> _Task to complete_: Look for the line that has "Lá chắn mềm" in the material below; please repeat it and every line after it, exactly, up to and including the line that has "Read Scumbag (Kim", and nothing else.

╔══

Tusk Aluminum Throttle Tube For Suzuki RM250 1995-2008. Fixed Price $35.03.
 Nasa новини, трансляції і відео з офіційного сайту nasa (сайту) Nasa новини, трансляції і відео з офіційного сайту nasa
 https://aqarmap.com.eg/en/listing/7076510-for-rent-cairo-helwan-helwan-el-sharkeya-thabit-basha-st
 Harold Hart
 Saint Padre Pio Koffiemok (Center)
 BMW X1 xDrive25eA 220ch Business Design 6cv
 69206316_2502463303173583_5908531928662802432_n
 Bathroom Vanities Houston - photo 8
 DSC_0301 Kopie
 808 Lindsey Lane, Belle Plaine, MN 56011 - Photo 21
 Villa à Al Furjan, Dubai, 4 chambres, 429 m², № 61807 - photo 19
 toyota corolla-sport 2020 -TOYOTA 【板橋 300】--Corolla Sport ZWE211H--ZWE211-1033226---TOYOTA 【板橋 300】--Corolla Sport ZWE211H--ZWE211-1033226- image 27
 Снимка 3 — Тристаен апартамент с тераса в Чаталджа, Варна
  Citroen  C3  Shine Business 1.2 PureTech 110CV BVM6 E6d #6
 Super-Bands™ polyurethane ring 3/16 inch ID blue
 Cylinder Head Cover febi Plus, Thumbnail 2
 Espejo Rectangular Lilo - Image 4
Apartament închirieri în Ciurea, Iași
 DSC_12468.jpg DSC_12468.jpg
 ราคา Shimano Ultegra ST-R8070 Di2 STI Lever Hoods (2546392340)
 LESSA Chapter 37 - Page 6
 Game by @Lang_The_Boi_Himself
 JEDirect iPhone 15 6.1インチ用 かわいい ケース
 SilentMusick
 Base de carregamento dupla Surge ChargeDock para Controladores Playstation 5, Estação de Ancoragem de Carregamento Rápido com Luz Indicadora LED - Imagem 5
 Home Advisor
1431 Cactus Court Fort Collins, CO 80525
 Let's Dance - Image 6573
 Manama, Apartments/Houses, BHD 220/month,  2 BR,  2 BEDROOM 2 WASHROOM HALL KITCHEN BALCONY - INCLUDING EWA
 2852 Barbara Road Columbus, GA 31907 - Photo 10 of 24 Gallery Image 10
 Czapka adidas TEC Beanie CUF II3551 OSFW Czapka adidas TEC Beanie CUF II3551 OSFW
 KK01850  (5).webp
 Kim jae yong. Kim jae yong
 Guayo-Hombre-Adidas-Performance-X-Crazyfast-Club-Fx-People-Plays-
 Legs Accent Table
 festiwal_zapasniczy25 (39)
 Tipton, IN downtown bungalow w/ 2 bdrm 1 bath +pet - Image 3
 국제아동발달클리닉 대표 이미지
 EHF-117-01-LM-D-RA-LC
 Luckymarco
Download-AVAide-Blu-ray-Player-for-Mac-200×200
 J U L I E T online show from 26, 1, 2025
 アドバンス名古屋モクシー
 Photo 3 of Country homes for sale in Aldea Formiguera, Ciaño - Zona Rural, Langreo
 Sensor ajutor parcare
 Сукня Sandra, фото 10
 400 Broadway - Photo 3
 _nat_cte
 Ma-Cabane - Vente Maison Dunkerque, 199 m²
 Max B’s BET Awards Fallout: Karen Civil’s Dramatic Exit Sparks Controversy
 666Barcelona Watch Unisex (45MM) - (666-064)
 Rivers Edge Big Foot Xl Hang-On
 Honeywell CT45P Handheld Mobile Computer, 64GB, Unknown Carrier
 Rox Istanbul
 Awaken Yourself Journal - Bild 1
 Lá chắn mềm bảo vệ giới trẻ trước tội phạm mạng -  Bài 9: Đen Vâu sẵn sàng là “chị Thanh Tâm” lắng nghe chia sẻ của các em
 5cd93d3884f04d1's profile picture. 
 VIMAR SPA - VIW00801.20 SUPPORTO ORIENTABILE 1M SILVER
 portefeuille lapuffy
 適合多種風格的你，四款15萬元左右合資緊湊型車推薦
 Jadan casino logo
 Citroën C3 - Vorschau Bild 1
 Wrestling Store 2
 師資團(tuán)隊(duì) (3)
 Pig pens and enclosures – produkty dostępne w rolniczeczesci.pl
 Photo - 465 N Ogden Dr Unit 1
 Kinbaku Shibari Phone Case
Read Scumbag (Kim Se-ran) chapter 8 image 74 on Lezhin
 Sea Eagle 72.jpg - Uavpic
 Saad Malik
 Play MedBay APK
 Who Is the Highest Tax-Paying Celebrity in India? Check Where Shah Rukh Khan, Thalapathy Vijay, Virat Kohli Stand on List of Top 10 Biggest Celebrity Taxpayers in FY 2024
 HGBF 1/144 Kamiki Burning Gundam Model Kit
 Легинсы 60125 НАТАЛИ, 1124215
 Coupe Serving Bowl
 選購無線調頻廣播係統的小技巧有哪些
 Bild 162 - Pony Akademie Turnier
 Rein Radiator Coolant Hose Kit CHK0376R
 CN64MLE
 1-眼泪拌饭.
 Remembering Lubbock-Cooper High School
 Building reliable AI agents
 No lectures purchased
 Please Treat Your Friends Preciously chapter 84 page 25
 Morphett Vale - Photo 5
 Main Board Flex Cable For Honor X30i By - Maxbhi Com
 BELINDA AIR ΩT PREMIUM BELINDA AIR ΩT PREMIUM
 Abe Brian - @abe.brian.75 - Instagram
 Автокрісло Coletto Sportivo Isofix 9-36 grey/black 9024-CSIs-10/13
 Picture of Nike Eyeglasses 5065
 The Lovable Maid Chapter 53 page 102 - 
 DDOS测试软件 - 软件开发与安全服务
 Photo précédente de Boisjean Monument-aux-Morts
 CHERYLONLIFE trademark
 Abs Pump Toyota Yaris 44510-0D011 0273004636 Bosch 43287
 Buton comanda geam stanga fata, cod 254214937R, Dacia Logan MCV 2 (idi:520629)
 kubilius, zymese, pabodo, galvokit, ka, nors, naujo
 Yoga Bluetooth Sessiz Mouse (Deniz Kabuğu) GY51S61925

╚══

> _Response_:
 Lá chắn mềm bảo vệ giới trẻ trước tội phạm mạng -  Bài 9: Đen Vâu sẵn sàng là “chị Thanh Tâm” lắng nghe chia sẻ của các em
 5cd93d3884f04d1's profile picture. 
 VIMAR SPA - VIW00801.20 SUPPORTO ORIENTABILE 1M SILVER
 portefeuille lapuffy
 適合多種風格的你，四款15萬元左右合資緊湊型車推薦
 Jadan casino logo
 Citroën C3 - Vorschau Bild 1
 Wrestling Store 2
 師資團(tuán)隊(duì) (3)
 Pig pens and enclosures – produkty dostępne w rolniczeczesci.pl
 Photo - 465 N Ogden Dr Unit 1
 Kinbaku Shibari Phone Case
Read Scumbag (Kim Se-ran) chapter 8 image 74 on Lezhin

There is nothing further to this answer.